I’m Evan Marc Katz, Dating Coach for Smart, Strong, Successful Women, and your personal trainer for love. Welcome to the Love U Podcast. Stick around to the end to discover one vital trick to making sure you don’t waste your time in dead-end relationships with attractive men. And when we’re done, I’ll let you know how you could apply to Love U to create a passionate relationship that makes you feel safe, heard, and understood.
I was twenty-seven. She was 31. We met on Match.com. Too many guys wrote to her. So she had no photo up and she initiated contact with me. A miracle of all miracles. When she sent a picture, it was clear that she was out of my league. She was a 10 and I was not. We ended up speaking for a week on the phone. This is back in 2000. Our first date, I remember it vividly. I remember the restaurant we went to. I remember where we went dancing afterward in Downtown L.A. I remember crying at dinner because my father had recently died. I remember talking about that, which is an unusual first date, certainly. And me going salsa dancing is certainly a sight to see. But it was a really fun, deep, intimate time. We went back to my place.
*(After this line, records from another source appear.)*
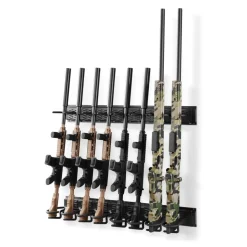 VEVOR Indoor Gun Rack, Heavy Duty Steel, Wall Mount Rifle and Shotgun Rack, 8 Slots for Long Guns, Gun Display Rifle Storage Holder with Screws, for Home Garage Office Retail Shop Hunting Cabin Wall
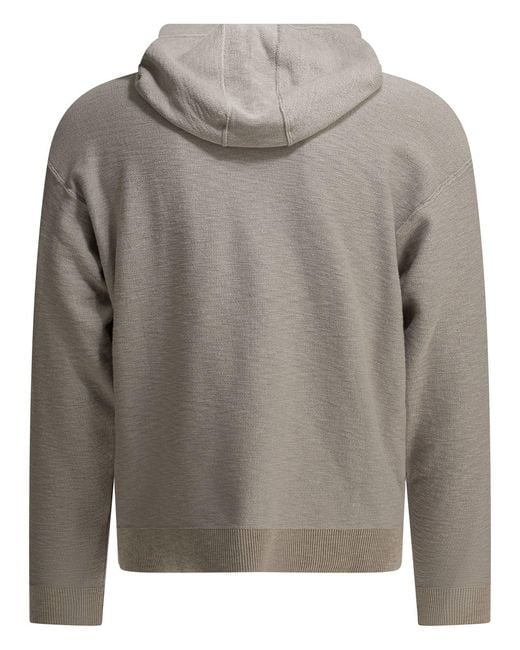 Stone Island Gray Zippered Hoodie for men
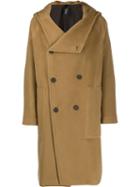 Hevo Salve Hooded Double-breasted Coat - Neutrals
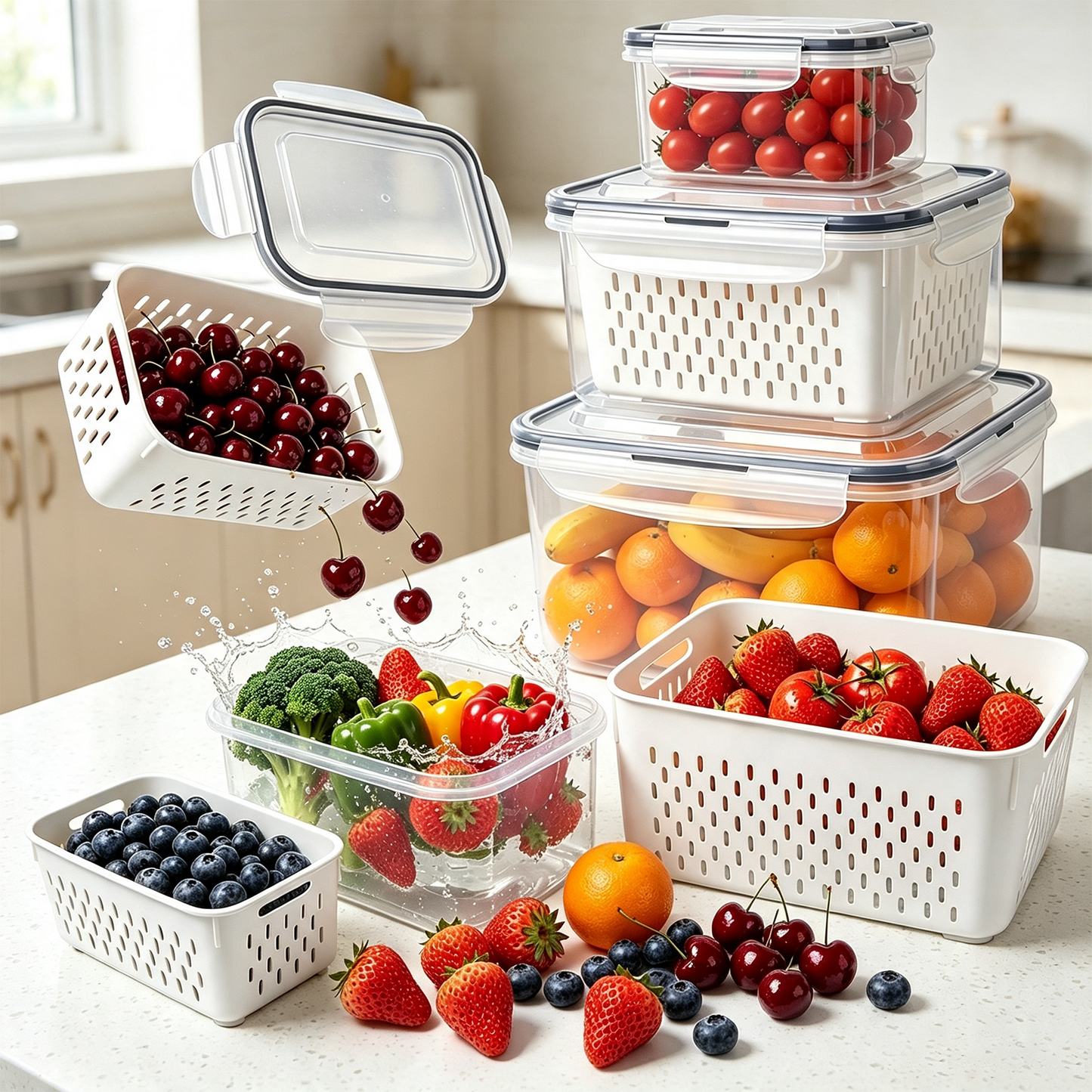 4 Pack Fruit Storage Containers for Fridge with Removable Colanders and Lids, 4 in 1 Leakproof Fridge Organizer Bins for Salad Berry Lettuce Vegetables Meat Keeper Fresh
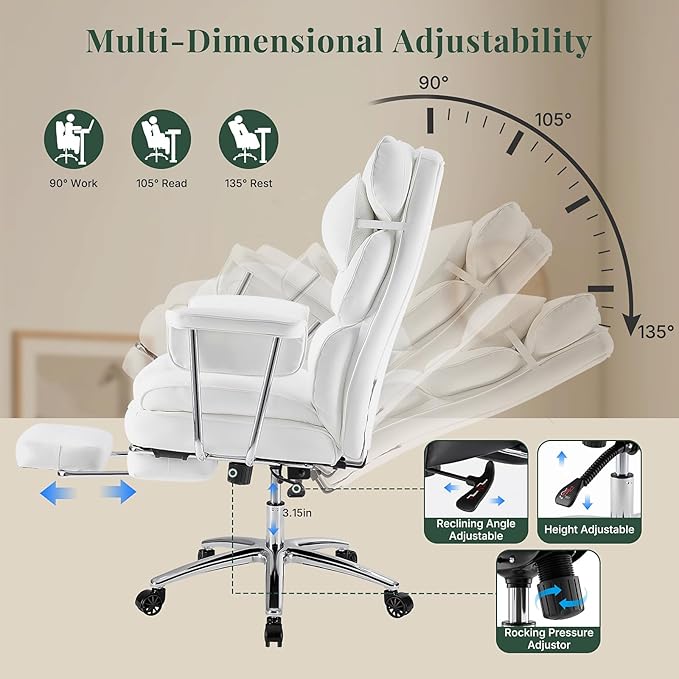 Executive Ergonomic Office Chair, PU Leather High Back Reclining Office Chair with Footrest and Lumbar Support, Height Adjustable Rolling Swivel Computer Chair for Home Office,White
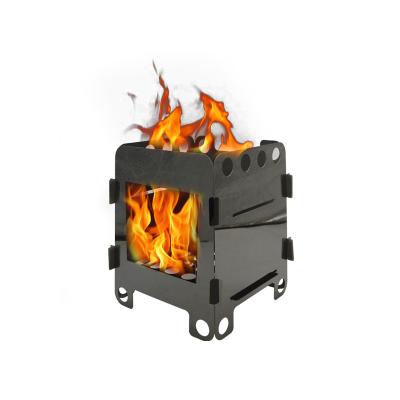 China HWL-03HT Camping Stainless Steel Medium Folding Outdoor Picnic Outdoor Hike Travel Wood Burning Stove for sale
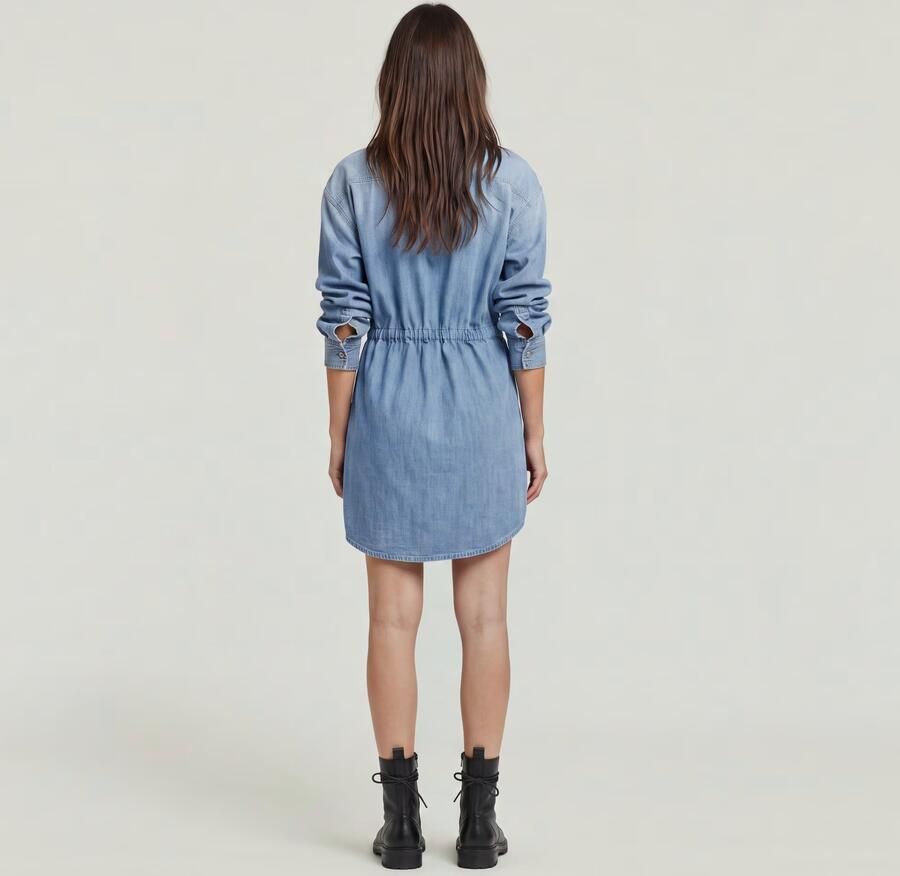 G-Star RAW Relaxed Drawcord Spijkerjurk Lichtblauw Dames - Foto 8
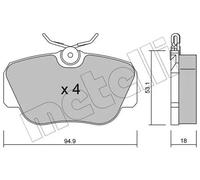 METELLI Pastiglie Freno Bremsbelegsatz Frontale per Mercedes-Benz 190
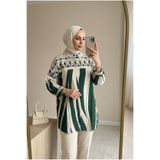 Kirazca Butik Kadın Desenli Oversize Tesettür Tunik Rahat Kalıp 80/85 cm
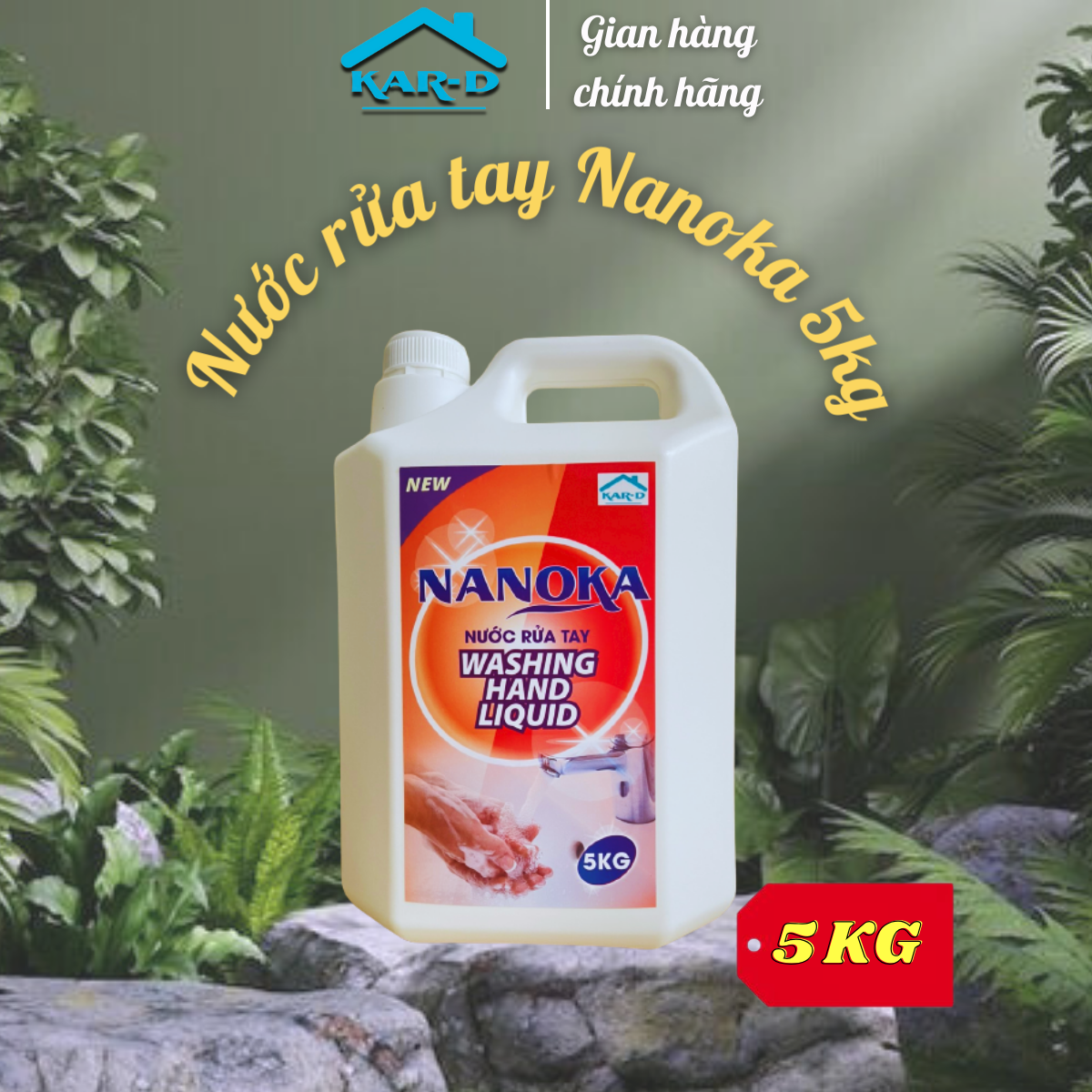 Nước rửa tay Nanoka 5kg [Hàng chính hãng] Làm mềm da tay, tẩy sạch các vết bẩn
Later that night, we didn’t have sex but, had some fun.
The next morning she woke up and told me that she didn’t want to get serious. She was in a relationship for most of her 20s and she was just happy to be free. And she was seeing like five other guys on Match.com. And I told her I didn’t care. My stance is like OK, but I am intoxicated by you. I want you to be my girlfriend. This is one date and I’m 27. I want you to be my girlfriend, but I’m not going to pressure you. I’m not going to shame you for doing that. Tell you what, you go out with those other men on Match.com and every time you go out with another guy if you discover that when you’re with him, you have more fun with me. That should be the last time you go out with him. Does that sound like a plan? Why would you go out with another guy if you go out with me? So when you’re done with those guys, you discover you have more fun with me. That’s when I’ll be your boyfriend. Very cocky.
Sure enough, it took about two weeks and suddenly she was my girlfriend and I was intoxicated by her beauty. And I was dazzled. I’m sort of starved at that time for love and attention. I was really struggling with my career and the death of my father, as I mentioned, in my late 20s. And so I was dazzled by her capacity to be a sweet girlfriend. She would make me mixed CDs with homemade cover art and write long, thoughtful emails. But on the other side of things, there was something darker. She had a distant father, deep insecurities about her own intellect, hair-trigger temper. Whenever we would have a disagreement and we couldn’t solve it, I would try to step back and say, hey, let’s just agree to disagree. I’m never going to come to terms with everything. She would mock me for saying, let’s agree to disagree. It was always a drag-out fight to prove who was right and who was stronger.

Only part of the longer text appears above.